閑話休題...先日ふと思ったのですが、この船は海底掘削船なので、基本的にはそのために運行しているのです。という事は、ボーリングスタッフや私たち研究者はもとより、クリーニングスタッフや食事スタッフなどすべての人が、数千メートル下の海底を掘って調査するという目的のために働いているのですよね。そう思うと船上に上がってくるコアに対する気持ちもちょっと変わってくる...ような気がする。


このタワーで引き上げるボーリングコアのためにみんなが働いていると思うと、ちょっと感慨深いものがあります。

そういうスタッフの中には、研究支援スタッフがいます。分析や採取作業のサポートや、資・試料や保存用ボーリングコアのチェック管理などを主に行います。

ボーリングコアの処理、分析の補助、保存するボーリングコアの管理など殆どの場面でテクニカルスタッフの方が関わっています。保存用と採取用の半分に分ける部屋(左下)、記載前にするボーリングコアの画像撮影(右上)、記載が終わったボーリングコアの整理準備(左上)、保存用ボーリングコアの管理作業(右下)など、その他にもいろいろ。それにしても、右下の人はコア管理作業中だと思うけれど、なぜ床に正座しているのだろう?

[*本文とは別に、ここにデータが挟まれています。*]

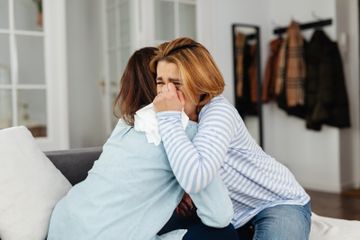 Berbagai manfaat menangis untuk menjaga kesehatan mental.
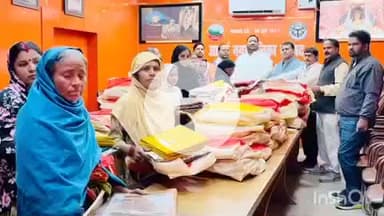 बलरामपुर: नगर पालिका अध्यक्ष एवं अधिशासी अधिकारी ने महिला सफाई कर्मियों को सम्मानित किया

彼らなくしては研究者もうまく働けない、と言っていいくらい(というかその通りだ)重要な役割を担っています。しばしば彼らが作業についての激しい議論をしているのが聞こえていました。彼らも熱い想いでこの船にのっているのかな?なんて事を思っていました。

今回の航海はもうすぐ終わりですが、乗船研究者にとっての研究はまだまだこれからです。得られた試料は、それぞれの研究者がその目的別に分けられているので(以前の記述を参考にしてください)、その試料の分析によって専門別の研究が進められます。

さて、得られたボーリングコアは全部が今回の乗船者の分析用試料になってしまうのでしょうか?答えはノーです。テクニカルスタッフによって半分にされたコアの片方と、試料採取後に残ったコアは高知にある専用の施設へ運び込まれ、今後の新しい研究のために保管されます。だから、採取試料ラベルなどの記述の間違いやデータ入力が間違っていたりすると、テクニカルスタッフのコア管理部門の人(キュレーターと言っています)が飛んできて、あくまでもやんわりと間違いなどの修正を指摘されます...。そういった管理の事情は、私が普段働いている博物館でも同じようなことをしているのでよく分かります。同時にそういう保管・管理作業がどれだけ大変かという事も身をもって体験しています。もっとも私の博物館はボーリングコア以外の資料が殆どですけれど。

今回の記事は、先日行われた卓球大会決勝の画像をお見せして締めくくりたいと思います。さて、どちらが勝ったでしょう?どちらも上手で、レベルの高い戦いでした。

激しい応酬という感じではなく、たんたんとすすんでいるような感じがしていたのですが、お互いに使われている技などをじっくり観察すると、レベルの高い戦いだという事がわかった、研究者里口でした。